Adele Herter Seronde of Sedona, Ariz., painter, poet, author of books, and community activist, died peacefully at her home on April 16, 2019, surrounded by her family. She was 93. Her husband, Dr. Joseph Seronde, passed away in the year 2000, but she is survived by their five children, 13 grandchildren and seven great-grandchildren. She had lived in Sedona since 1982.
Adele was born in Manchester, Mass., in 1925. She was the daughter of Christian A. Herter, 59th governor of the commonwealth of Massachusetts and secretary of state under President Dwight D. Eisenhower. By age 5, she was avidly sketching horses and people and took inspiration from her grandparents, Albert and Adele Herter, both of them painters and gardeners with a deep love of nature. She attended Bennington College, where the poet Theodore Roethke kindled her love of poetry with his “I learn by going where I have to go.” She studied with prominent artists Karl Knaths, also at Bennington, and later with Hans Hoffman in New York City, resonating with their love of color and abstract form grounded in nature.
As a lifelong painter, she was strongly influenced by Impressionism and Abstract Expressionism. Her evocative paintings featured landscapes and seascapes, both vast and intimate, and the gardens and bouquets she loved. Throughout her life, she was devoted to the healing power that the arts can have on the individual and the community, stating: “I believe that art has the miraculous power of beauty which inundates and transforms both the creator and the world.
Her life was a reflection of this profound love of beauty, made visible through her art, her writings and her humanitarian endeavors. Her work has been exhibited at the Decordova Museum in Lincoln, Mass., and in numerous galleries, notably the Weeden and Nova galleries in Boston, the Wingspread in Northeast Harbor, the Vigna Nuova in Florence, Italy, and the Goldenstein Gallery in Sedona, Ariz.
In the late 1960s, she served as co-director for visual arts for “Summerthing,” the mayor of Boston’s neighborhood arts festival, and worked with local artists to create murals throughout the city.
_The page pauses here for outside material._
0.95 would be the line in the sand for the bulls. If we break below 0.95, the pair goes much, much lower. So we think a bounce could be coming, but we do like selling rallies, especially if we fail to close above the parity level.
She saw gardens as a metaphor for healing both self and community and founded the Christian A. Herter Center in Allston, Mass., to promote community gardens, environmental arts and alternative technologies in the Boston area.During the 1980s, she moved to Arizona and worked with the International Friends of Transformative Art to promote the spiritual role of the arts; and in 1994, she founded Gardens for Humanity to help catalyze gardens in schools, hospitals and urban areas.
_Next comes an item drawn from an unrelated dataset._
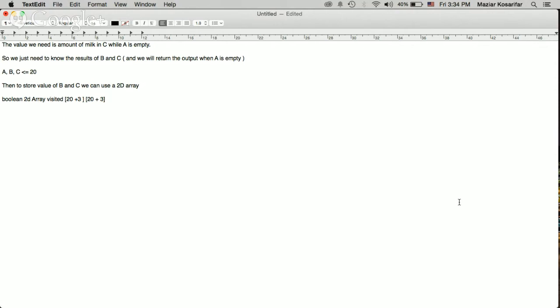The six combinations are: A to B, A to C, B to A, B to C, C to A, and C to B. Since the number of combinations is limited, I just wrote them explicitly. At the end, I return the data when I'm sure that A is empty, and I return the value of C.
She was the author of 11 books including “Ask a Daffodil,” an illustrated book of poetry designed to help children learn to read; “All My Loves and Deaths,” one of her books of poetry that won a bronze medal from the Reader’s Favorite Book Awards; and “Our Sacred Garden, The Living Earth” — an endeavor to “awaken the visionary in us” and heal our relationship with the Earth. Her final two books will be published posthumously: “Easter Canticles,” a collection of haikus and sketches completed in the month prior to her passing; and “Pegasus on Fire: Art, Nature and Spirit in Education,” which offers a vision of holistic education for a rapidly changing world.
A memorial gathering of family and friends to celebrate Adele’s life was held at the Creative Life Center in Sedona, Ariz., on May 17, 2019. Another gathering will be held at the Herter Park in Allston, Mass., on June 15, 2019, from 3-5 p.m.